I have a driver cpp file that calls cblas_dgbmv function with proper arguments. When I build OpenBLAS with "make", dgbmv runs with 8 threads automatically (multithreaded dgbmv is invoked in gbmv.c interface and I assume this is a default behaviour). On the contrary, when I provide OPENBLAS_NUM_THREADS=1 after this build, sequential version runs and everything goes well. All good for now.
The problem is, I would like to assess performance of the multithreaded cblas_dgbmv based on different threads, by using a loop that calls this function 1000 times serially and measuring the time. My driver is sequential. However, even 2 threaded dgbmv degrades the performance (execution time), being a single multithreaded call, without the loop.
I researched about multithreaded runs of OpenBLAS and ensured everything conforms to specifications. There is no thread spawning or any pragma directives in my driver (it solely runs a master thread just to measure wall clock). IN other words, I call DGBMV in a sequential region, not to conflict with threads of OpenBLAS. However, I sense something like, excessive threads are running and therefore execution slows down, although, I have already set all env variables regarding #threads except OPENBLAS_NUM_THREADS to 1.

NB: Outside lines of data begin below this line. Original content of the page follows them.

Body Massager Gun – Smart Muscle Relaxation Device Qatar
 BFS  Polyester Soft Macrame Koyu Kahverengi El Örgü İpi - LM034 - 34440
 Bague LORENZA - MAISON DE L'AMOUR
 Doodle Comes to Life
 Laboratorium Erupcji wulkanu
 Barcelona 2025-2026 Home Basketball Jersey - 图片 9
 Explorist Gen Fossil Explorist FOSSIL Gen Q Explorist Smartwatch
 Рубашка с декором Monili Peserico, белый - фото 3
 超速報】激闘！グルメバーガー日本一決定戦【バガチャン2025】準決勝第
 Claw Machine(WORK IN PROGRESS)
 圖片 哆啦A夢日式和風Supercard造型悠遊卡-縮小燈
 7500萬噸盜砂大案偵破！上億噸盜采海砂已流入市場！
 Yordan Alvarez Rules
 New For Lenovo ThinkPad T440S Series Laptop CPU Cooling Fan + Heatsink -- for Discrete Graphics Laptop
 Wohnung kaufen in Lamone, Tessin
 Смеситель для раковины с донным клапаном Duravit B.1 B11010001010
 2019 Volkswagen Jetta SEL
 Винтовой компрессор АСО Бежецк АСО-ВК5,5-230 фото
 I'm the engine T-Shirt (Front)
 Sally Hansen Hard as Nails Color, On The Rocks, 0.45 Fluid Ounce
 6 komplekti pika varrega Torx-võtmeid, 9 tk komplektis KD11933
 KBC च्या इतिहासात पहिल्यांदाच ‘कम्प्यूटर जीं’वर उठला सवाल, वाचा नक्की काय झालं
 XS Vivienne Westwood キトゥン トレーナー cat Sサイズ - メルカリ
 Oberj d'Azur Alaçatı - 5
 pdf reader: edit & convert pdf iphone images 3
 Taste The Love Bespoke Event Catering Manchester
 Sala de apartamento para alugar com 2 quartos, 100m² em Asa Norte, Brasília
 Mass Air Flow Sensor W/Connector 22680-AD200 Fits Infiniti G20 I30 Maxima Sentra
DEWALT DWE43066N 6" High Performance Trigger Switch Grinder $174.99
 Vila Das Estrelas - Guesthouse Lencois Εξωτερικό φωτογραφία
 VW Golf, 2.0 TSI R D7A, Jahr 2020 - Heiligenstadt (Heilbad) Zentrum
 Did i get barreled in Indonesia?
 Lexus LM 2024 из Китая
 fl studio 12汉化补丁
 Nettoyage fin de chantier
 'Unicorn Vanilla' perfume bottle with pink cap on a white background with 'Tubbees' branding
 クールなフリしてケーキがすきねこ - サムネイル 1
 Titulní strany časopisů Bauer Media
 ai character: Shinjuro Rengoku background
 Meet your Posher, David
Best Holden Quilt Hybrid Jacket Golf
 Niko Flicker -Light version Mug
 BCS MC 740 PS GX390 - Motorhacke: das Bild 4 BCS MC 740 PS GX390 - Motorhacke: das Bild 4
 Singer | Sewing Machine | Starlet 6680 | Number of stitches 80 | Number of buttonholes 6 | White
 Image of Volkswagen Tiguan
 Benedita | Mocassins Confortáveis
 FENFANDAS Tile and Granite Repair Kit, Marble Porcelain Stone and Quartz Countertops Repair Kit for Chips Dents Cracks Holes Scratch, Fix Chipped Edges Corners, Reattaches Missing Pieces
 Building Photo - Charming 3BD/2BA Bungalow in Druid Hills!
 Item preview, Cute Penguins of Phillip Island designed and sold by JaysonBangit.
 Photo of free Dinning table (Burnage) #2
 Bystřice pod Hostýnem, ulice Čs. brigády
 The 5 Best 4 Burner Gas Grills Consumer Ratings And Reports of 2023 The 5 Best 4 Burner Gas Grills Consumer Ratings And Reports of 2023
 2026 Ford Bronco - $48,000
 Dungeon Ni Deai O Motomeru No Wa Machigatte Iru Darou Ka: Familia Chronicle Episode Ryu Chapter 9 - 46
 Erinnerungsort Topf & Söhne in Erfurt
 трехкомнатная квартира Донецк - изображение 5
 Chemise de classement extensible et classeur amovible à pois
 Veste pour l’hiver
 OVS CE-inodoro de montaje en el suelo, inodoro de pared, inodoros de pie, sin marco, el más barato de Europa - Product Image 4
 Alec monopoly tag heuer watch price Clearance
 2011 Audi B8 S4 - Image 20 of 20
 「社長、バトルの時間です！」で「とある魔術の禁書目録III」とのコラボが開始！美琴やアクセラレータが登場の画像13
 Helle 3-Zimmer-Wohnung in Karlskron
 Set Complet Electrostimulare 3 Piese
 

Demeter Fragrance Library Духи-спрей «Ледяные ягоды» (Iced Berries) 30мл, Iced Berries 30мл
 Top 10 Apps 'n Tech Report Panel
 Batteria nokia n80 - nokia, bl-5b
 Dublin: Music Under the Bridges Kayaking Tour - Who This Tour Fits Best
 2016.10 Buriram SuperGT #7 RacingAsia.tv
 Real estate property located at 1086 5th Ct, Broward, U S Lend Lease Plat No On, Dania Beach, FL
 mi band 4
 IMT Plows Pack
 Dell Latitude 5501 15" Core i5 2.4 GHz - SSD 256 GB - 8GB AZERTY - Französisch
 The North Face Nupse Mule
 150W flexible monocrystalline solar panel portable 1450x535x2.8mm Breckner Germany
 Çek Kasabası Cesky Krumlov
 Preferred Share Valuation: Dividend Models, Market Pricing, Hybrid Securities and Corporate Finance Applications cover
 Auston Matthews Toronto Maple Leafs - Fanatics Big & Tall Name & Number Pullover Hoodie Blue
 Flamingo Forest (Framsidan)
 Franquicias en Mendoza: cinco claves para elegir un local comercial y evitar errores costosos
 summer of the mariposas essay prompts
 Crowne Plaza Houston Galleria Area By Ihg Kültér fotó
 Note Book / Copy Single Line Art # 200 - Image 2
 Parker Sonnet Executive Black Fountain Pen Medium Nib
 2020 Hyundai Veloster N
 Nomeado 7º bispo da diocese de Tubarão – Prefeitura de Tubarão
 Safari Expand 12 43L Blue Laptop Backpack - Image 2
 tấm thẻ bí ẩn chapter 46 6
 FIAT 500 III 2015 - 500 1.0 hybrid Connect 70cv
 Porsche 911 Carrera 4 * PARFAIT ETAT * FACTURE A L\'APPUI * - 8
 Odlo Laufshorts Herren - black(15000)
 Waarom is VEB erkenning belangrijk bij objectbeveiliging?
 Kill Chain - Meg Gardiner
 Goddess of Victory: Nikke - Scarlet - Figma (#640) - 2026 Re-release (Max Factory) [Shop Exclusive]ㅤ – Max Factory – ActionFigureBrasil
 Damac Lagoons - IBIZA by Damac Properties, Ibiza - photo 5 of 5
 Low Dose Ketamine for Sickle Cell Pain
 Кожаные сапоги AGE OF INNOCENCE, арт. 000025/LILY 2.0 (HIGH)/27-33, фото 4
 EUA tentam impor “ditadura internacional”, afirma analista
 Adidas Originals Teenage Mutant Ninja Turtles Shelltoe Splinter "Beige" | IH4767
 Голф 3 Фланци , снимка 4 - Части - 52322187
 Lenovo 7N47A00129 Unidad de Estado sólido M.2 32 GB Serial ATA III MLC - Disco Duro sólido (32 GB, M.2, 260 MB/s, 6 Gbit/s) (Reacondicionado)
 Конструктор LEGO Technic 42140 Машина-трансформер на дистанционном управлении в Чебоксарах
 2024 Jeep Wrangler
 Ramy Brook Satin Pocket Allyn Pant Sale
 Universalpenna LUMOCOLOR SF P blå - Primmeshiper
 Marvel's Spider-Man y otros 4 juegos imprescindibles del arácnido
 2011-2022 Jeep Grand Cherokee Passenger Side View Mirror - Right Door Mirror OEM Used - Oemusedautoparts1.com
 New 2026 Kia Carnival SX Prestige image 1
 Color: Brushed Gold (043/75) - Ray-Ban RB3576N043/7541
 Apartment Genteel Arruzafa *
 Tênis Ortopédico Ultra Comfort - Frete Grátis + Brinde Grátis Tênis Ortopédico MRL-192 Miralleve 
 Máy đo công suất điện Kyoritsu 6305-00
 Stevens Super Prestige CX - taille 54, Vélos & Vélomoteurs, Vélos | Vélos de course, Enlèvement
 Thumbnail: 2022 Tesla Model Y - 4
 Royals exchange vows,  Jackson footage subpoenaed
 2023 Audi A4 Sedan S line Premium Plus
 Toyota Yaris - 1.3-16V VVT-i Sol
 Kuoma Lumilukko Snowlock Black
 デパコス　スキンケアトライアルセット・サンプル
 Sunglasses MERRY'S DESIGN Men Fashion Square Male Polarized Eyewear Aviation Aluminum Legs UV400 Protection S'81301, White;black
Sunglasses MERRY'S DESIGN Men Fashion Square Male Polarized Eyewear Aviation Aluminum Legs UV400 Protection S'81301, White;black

I use openmp walll clock time and measure the execution time with a code surrounding only this 1000-times caller loop, so that is fine as well :
double seconds,timing=0.0;
//for(int i=0; i<10000; i ){
seconds = omp_get_wtime ( );
cblas_dgbmv(CblasColMajor, CblasNoTrans , n, n, kl, ku, alpha, B, lda, X, incx, beta, Y, incy);
timing = omp_get_wtime ( ) - seconds;
// }
I run my driver code with a proper env variable set in runtime (OPENBLAS_NUM_THREADS=4 ./myBinary args...). Here is my Makefile to compile both lbrary and the application :
myBinary: myBinary.cpp
cd ./xianyi-OpenBLAS-0b678b1 && make USE_THREAD=1 USE_OPENMP=0 NUM_THREADS=4 && make PREFIX=/home/selin/HPC-Research/xianyi-OpenBLAS-0b678b1 install
g myBinary.cpp -o myBinary -I/home/selin/HPC-Research/xianyi-OpenBLAS-0b678b1/include/ -L/home/selin/HPC-Research/xianyi-OpenBLAS-0b678b1/lib -Wl,-rpath,/home/selin/HPC-Research/xianyi-OpenBLAS-0b678b1/lib -lopenblas -fopenmp -lstdc fs -std=c 17
Architecture : 64 cores shared memory with AMD Opteron Processors
I would be more than happy if anyone could explain what goes wrong with the multithreaded version of dgbmv.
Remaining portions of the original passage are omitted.